◆ Exercise details
Of all the entries below, only the lines from the one with "Elecbee Christmas Embroidery" up to and including the one with "Hitch Mount Bike" are to be duplicated exactly.

═════ Provided information

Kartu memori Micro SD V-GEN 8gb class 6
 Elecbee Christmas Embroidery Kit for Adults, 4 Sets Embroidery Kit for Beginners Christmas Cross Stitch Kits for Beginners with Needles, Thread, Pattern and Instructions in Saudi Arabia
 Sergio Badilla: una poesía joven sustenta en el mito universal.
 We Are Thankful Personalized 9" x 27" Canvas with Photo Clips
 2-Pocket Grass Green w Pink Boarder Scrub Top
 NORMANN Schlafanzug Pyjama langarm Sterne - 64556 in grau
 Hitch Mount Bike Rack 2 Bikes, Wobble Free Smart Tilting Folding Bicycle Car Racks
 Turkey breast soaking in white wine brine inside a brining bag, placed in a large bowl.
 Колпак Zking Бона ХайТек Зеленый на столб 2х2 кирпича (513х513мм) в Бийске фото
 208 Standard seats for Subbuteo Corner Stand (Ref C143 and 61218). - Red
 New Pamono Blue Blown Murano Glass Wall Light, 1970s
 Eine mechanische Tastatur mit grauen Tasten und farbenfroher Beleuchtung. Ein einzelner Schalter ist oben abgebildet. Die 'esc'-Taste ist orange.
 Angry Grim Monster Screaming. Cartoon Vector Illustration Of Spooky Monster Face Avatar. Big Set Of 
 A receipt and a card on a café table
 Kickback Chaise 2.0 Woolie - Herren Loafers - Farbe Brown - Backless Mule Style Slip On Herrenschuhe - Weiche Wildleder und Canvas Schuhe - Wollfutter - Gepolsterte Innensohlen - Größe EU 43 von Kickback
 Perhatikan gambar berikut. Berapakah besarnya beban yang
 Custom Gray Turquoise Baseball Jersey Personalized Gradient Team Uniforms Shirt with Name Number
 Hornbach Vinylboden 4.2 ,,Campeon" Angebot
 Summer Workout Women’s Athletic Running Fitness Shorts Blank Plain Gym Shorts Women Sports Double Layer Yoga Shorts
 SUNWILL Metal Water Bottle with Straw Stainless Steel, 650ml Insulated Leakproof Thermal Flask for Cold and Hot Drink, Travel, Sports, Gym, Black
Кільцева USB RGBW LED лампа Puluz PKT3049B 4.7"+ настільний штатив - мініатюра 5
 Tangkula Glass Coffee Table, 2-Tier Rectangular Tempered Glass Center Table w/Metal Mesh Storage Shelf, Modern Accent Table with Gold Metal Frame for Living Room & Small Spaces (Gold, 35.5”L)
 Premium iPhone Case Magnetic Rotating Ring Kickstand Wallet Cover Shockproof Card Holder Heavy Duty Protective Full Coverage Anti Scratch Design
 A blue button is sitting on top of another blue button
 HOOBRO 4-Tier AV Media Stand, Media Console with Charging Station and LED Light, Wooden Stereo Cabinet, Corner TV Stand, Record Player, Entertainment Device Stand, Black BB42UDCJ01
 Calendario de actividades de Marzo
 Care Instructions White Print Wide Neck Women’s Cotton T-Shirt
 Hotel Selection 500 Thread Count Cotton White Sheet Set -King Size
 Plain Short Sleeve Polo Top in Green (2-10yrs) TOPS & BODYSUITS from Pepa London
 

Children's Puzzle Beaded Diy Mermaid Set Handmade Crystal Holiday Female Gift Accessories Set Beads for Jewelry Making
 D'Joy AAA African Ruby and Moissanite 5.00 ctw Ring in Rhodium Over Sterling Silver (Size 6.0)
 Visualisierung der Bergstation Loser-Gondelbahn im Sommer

══════════

◆ Solution below
 Elecbee Christmas Embroidery Kit for Adults, 4 Sets Embroidery Kit for Beginners Christmas Cross Stitch Kits for Beginners with Needles, Thread, Pattern and Instructions in Saudi Arabia
 Sergio Badilla: una poesía joven sustenta en el mito universal.
 We Are Thankful Personalized 9" x 27" Canvas with Photo Clips
 2-Pocket Grass Green w Pink Boarder Scrub Top
 NORMANN Schlafanzug Pyjama langarm Sterne - 64556 in grau
 Hitch Mount Bike Rack 2 Bikes, Wobble Free Smart Tilting Folding Bicycle Car Racks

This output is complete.